And help me understand why you're posting here instead of talking to a lawyer.


----------



## Yeswecan (Jul 25, 2014)

ScubaSkyDiver said:


> She keeps telling me she isn't doing anything wrong and it's no big deal and I am overwhelming her with all of my expectations. I just want her to do what she says no matter what it is. I feel that when I give her my word or agree to do something I need to do it, and if I don't agree at some point we should discuss it and not just stop doing what I agreed to do or not do. She will just later on decide the agreement no longer applies then change or not do what we agreed to and I have to confront her. It's starting to make me feel like I am crazy. She says I am a control freak with all of these expectations. I just want her to do what she says....


Being open with all accounts, social media and honest is not a control freak. It is quite normal in a lot of relationships. 

She will not do what she says because it is interrupting her, what appears, to be connection with OM.


----------



## Yeswecan (Jul 25, 2014)

ScubaSkyDiver said:


> As far as expectations goes. This is what I have.

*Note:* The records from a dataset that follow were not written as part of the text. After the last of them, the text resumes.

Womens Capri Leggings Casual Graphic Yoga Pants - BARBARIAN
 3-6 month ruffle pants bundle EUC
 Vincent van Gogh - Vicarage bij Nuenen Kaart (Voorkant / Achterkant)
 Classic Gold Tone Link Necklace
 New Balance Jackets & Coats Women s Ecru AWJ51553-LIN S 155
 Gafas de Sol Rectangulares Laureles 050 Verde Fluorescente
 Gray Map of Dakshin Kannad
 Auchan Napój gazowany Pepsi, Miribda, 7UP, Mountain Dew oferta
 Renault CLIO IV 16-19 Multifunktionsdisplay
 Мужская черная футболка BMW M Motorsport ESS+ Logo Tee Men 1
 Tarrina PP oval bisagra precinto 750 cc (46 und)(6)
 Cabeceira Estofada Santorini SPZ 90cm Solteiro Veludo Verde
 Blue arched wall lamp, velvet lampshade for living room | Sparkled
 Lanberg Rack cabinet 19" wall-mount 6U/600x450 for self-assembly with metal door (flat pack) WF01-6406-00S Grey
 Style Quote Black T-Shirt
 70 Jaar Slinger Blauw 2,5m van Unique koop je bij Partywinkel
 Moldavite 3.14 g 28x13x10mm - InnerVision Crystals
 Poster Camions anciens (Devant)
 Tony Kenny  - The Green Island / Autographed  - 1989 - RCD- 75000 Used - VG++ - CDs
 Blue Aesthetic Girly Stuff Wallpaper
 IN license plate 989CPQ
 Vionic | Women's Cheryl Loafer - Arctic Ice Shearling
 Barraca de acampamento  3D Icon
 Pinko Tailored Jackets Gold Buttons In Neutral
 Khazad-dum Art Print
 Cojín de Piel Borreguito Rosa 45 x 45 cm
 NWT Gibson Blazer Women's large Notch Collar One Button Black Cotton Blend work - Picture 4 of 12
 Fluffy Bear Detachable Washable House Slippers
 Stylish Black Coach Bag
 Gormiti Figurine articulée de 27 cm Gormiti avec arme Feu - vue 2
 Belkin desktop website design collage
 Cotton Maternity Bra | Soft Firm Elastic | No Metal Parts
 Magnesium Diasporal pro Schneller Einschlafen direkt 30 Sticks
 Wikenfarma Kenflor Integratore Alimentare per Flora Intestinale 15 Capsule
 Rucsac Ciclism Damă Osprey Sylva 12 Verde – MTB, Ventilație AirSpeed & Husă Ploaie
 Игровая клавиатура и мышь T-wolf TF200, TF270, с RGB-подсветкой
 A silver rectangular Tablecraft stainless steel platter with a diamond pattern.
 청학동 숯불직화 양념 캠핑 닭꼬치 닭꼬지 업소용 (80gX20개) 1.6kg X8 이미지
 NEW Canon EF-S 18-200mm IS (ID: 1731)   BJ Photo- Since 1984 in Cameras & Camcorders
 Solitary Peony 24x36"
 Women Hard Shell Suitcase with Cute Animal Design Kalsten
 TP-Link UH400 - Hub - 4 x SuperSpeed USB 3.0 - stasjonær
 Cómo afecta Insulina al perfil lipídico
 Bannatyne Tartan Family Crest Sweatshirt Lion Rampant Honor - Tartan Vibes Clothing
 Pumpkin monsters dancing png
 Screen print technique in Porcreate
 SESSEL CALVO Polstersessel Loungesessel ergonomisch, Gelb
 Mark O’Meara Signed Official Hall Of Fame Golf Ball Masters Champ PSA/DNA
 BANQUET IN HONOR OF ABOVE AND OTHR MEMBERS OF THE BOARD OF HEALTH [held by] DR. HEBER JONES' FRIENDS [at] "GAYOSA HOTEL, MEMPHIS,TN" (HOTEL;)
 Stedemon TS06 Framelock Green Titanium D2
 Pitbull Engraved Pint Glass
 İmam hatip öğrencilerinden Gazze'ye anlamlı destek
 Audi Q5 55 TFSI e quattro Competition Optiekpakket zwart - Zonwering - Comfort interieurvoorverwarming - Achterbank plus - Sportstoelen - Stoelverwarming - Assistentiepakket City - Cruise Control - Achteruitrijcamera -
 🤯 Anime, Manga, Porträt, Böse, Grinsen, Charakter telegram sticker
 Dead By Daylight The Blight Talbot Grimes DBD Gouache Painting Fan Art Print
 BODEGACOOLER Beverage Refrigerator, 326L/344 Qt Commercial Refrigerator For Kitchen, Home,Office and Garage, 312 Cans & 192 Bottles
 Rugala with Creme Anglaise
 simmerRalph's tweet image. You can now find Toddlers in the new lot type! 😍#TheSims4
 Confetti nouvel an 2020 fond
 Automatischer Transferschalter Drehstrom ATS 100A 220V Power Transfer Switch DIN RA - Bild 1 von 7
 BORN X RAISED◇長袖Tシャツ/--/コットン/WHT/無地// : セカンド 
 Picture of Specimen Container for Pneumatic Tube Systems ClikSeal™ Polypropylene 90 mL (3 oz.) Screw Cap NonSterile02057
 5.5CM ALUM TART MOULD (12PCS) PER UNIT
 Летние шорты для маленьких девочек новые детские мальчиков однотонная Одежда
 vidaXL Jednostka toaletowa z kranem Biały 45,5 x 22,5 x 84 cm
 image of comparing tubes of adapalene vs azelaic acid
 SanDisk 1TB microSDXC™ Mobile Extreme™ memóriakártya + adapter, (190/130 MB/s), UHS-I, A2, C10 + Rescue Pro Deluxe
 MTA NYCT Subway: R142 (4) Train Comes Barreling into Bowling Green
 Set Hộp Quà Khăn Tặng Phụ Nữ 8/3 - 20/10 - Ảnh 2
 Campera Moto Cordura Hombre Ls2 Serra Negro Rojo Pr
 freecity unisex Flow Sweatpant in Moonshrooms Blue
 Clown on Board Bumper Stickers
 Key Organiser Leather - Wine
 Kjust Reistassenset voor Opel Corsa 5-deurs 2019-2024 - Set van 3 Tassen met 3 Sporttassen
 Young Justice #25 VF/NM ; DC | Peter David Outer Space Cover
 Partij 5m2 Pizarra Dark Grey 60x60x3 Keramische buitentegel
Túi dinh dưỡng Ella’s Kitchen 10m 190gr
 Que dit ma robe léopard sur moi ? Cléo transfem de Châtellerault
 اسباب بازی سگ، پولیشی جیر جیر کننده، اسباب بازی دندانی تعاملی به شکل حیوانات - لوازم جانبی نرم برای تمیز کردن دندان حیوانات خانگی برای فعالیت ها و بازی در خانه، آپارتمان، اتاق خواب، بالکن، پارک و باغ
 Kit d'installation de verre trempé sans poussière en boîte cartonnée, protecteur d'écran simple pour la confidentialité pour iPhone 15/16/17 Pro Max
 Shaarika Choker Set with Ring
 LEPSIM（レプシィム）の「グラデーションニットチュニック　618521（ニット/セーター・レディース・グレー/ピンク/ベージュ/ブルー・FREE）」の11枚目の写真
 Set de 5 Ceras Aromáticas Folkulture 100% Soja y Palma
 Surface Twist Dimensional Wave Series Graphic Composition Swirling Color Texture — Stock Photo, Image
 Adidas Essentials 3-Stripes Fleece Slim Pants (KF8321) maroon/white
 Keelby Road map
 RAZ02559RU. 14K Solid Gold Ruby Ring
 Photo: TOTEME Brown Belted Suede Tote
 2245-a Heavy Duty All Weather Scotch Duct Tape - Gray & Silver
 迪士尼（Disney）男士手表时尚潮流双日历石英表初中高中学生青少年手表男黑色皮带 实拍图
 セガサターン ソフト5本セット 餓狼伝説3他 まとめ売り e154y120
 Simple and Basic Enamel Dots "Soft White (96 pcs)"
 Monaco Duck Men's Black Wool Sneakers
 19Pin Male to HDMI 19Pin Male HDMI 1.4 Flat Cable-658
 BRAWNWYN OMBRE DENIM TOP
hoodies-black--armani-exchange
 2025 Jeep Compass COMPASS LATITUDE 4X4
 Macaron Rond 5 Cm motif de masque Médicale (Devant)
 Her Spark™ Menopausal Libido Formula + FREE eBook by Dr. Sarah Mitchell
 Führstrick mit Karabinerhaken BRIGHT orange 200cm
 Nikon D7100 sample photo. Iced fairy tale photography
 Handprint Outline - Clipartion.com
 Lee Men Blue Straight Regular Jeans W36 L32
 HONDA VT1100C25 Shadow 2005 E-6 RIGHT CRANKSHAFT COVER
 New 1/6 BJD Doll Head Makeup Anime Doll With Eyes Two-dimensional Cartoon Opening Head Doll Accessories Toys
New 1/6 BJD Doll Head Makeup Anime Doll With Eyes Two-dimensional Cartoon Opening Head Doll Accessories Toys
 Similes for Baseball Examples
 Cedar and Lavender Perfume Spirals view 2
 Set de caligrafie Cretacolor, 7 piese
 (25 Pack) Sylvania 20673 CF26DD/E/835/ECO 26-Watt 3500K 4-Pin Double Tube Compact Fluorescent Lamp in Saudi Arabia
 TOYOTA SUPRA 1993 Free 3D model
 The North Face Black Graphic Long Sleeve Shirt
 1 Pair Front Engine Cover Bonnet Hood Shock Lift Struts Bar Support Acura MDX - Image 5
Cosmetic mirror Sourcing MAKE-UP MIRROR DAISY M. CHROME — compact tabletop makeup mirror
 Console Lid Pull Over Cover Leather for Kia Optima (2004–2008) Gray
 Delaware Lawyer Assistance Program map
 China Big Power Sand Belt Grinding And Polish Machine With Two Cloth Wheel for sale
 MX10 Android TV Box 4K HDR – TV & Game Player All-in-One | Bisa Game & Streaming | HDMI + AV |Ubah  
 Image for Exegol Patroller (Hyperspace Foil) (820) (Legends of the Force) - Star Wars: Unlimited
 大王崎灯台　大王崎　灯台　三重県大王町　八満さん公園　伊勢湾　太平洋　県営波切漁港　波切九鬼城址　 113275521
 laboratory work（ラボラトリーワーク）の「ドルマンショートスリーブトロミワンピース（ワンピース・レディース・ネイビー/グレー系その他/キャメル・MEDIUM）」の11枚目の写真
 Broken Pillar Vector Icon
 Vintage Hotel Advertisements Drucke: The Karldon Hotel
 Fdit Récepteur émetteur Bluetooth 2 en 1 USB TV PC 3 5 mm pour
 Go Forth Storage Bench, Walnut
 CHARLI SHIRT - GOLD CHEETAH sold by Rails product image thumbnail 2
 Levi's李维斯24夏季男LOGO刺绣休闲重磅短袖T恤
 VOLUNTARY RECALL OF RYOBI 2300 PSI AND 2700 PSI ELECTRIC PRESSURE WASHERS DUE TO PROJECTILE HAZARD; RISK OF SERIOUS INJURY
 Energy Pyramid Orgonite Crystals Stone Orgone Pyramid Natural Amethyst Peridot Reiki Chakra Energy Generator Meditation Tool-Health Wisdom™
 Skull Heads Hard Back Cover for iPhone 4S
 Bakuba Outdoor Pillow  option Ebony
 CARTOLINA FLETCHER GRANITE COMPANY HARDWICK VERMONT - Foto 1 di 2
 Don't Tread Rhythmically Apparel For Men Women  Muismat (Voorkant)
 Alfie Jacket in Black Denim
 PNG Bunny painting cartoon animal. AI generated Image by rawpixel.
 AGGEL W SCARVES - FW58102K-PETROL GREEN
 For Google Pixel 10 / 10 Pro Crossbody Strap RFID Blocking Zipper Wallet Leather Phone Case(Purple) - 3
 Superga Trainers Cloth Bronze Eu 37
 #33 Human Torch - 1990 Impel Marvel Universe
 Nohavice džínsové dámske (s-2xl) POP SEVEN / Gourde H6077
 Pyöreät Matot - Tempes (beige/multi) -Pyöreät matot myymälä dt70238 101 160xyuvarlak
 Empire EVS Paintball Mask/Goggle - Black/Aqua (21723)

She told me that she didn't want me using terms of endearment when talking to others on FB or text (suger, lover, sexy, gorgeous) stuff like that and that she would not either. I don't do that. She does. She told me what she didn't want me to meet up with female friends for lunch of other things because that was not right. I don't, she did. These were girls that were good family friends that I have known for years. She asked me to stop talking to a close female friend because she thought the girl was attracted to me. I assured her that was not the case and she had nothing to worry about, but was was all upset so I ended the friendship. (see what I said above about her ex). In addition to that she lies to be about many things. She was slurring her speech the other day on the phone and I could tell she had been drinking (this is another issue). I asked her if she was and she became very upset with me saying who am I accusing her of things. Then when I came home I discovered she had in fact been drinking and the rest of the bottle we had started the night before was done. I mean this list really goes on and on. Does this mean she just doesn't value me or does the need help? I love her and if she needs help I want to get it for her not leave her but it's driving me nuts. I worry all the time about where she is and show she is with. She has lied to me about those things too.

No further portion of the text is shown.